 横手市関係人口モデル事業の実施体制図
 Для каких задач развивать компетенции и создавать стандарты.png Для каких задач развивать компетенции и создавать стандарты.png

* * *

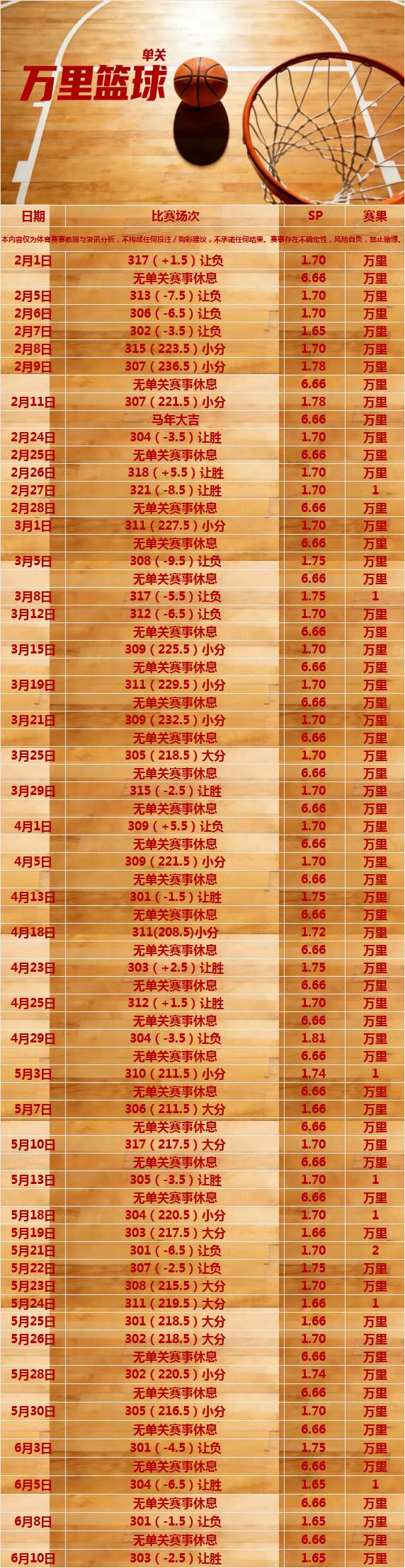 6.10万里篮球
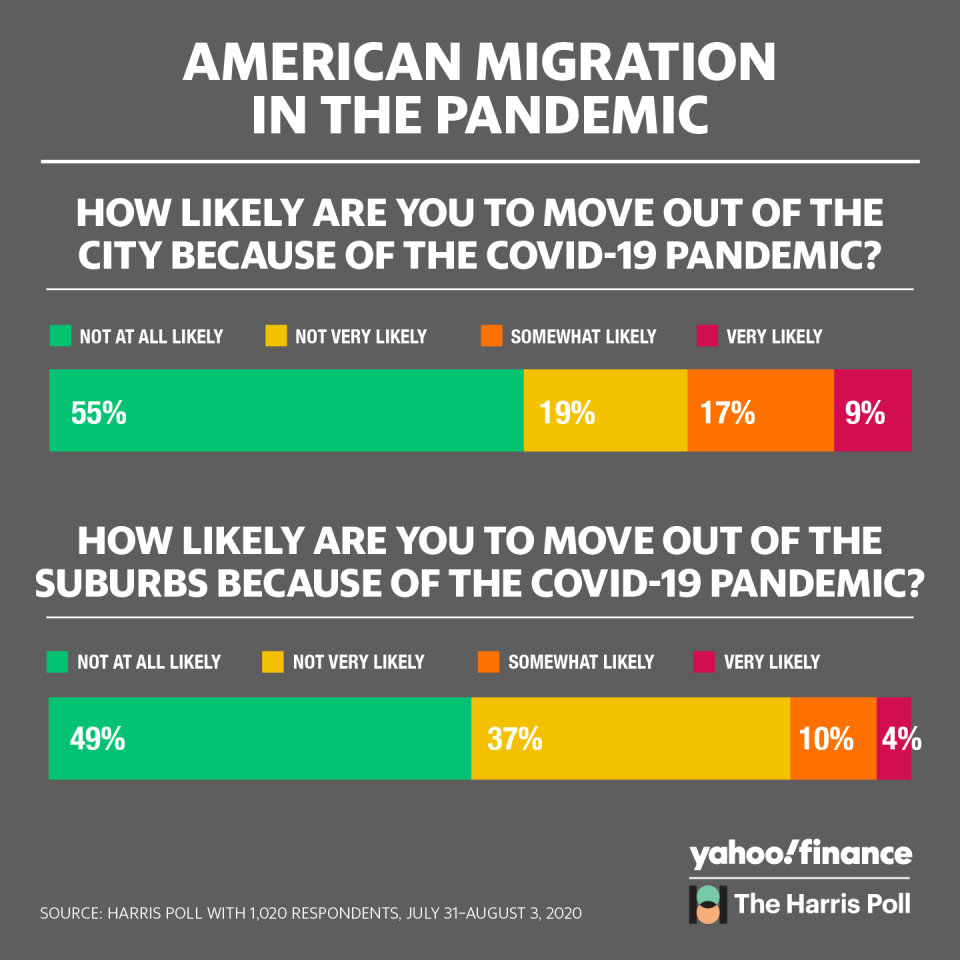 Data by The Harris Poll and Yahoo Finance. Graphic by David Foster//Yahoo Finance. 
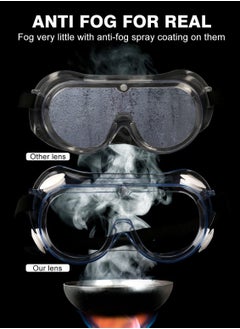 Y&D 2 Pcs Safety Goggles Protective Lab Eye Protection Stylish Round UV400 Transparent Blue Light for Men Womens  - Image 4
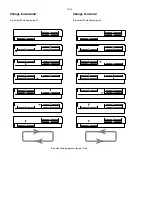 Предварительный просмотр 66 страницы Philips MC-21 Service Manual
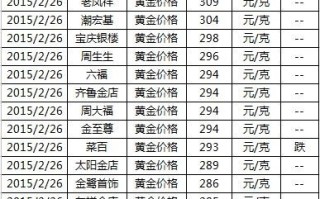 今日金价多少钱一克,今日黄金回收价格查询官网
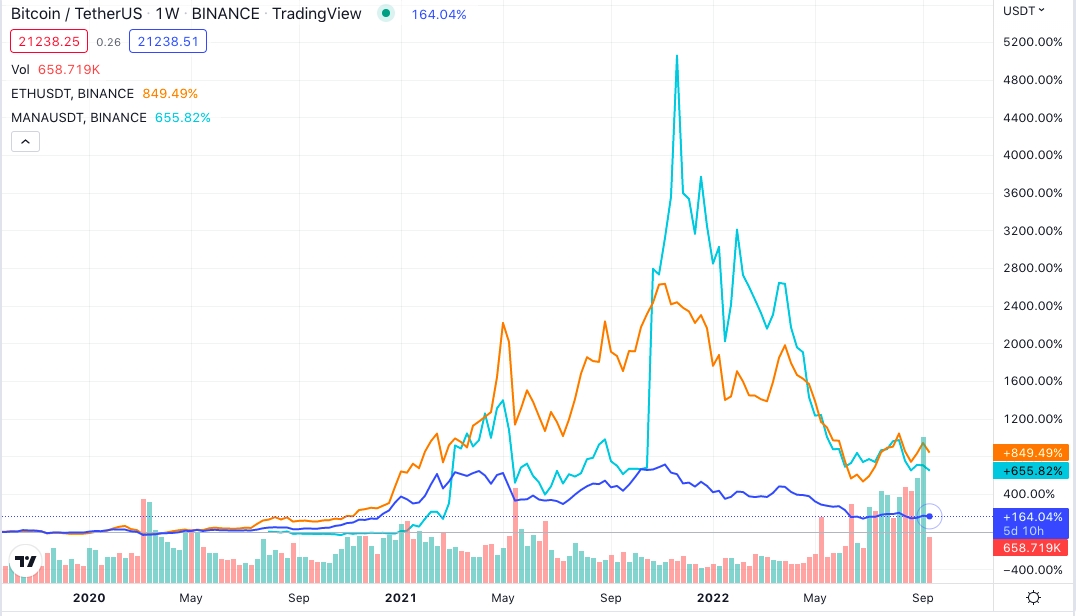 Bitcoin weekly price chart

▶ **Work order**:
Please return the material above only from the line that holds "今日金价多少钱一克,今日黄金回收价格查询官网" through the line that holds "Bitcoin weekly price chart", exactly as it stands, ends included and pictures omitted.

▶ **Output below**:
 今日金价多少钱一克,今日黄金回收价格查询官网
 Bitcoin weekly price chart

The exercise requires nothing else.